Joe Renzetti took the Oscar here for music adaptation, and the sound recording got a nomination. The latter was pumped-up for its day, and I remember this vividly because Story is still the only movie my Easterner/Midwesterner ever saw at the L.A. Cinerama Dome (where The Last Waltz followed soon thereafter). The sound on this Twilight Time disc is so robust for a movie of this vintage that I thought my townhouse neighbors might complain when I was pushing it, but this is a welcome disc all around because the All-Region British release that up to now was only high-def choice (so to speak) is a hall-of-fame eyesore that must have been taken from a print that was stored under damp burlap in Don Stroud’s garage or something. This is much, much better, even though image quality even on theatrical screens was kind of soft in the first place, though it’s markedly more vivid in the concert scenes that are evenly sprinkled throughout. These were famously recorded live on film for a degree of verisimilitude that few rock biopics gave matched, especially those set in the early days.

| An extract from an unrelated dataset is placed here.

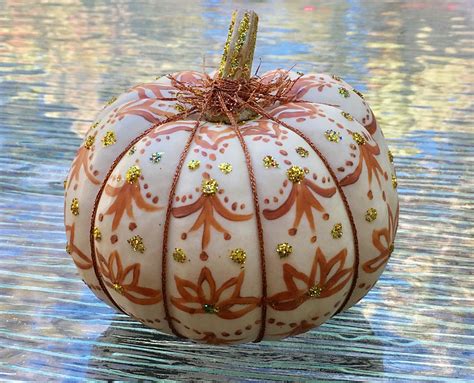 Small pumpkin decorated with metallic thread, acrylic paint, tacky glue, and micro glitter ...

Starting with his string-bean weight loss, Busey is amazing and does for this film what Chadwick Boseman has just done for the James Brown portrait Get On Up: make it impossible to imagine the movie without him. Like the recent picture, Story is basically “made” by Busey and the exciting staging of the numbers. According to director Rash, who shares this release’s 1998 commentary track with Busey, the movie sparked renewed interest in the singer/composer/arranger who’d been forgotten, even though he’d gotten more sound out of a handful of instruments than almost anyone else at the time.
This is half-disputable, given that both the Beatles and the Stones covered Holly tunes, but maybe so, if you eliminate my circle of friends from the equation. Even in the 1970s, we listened to Holly all the time, but then we were rock-‘n’-roll kids from the beginning. I’ll never forget coming home from sixth grade in early February ’59, picking up the evening paper as soon as I hit the door (as always) and freezing in my tracks at a two line item in the late-breaking “Bulletins” section at the bottom of the front page. I instinctively ran to the TV set and Dick Clark’s “American Bandstand,” where Dick was talking about the crash. This isn’t a story that nostalgia merchants have embellished over the years; it was a big, big deal at the time, and next morning’s paper had grisly crash-in-the-snow photos on the front page, which I then kept in a scrapbook along with other entertainment snapshots of utmost importance (another was Liz Taylor leaning over in a low-cut dress).
Kids don’t have it as exciting today, but then, rock-‘n’-roll can only begin once.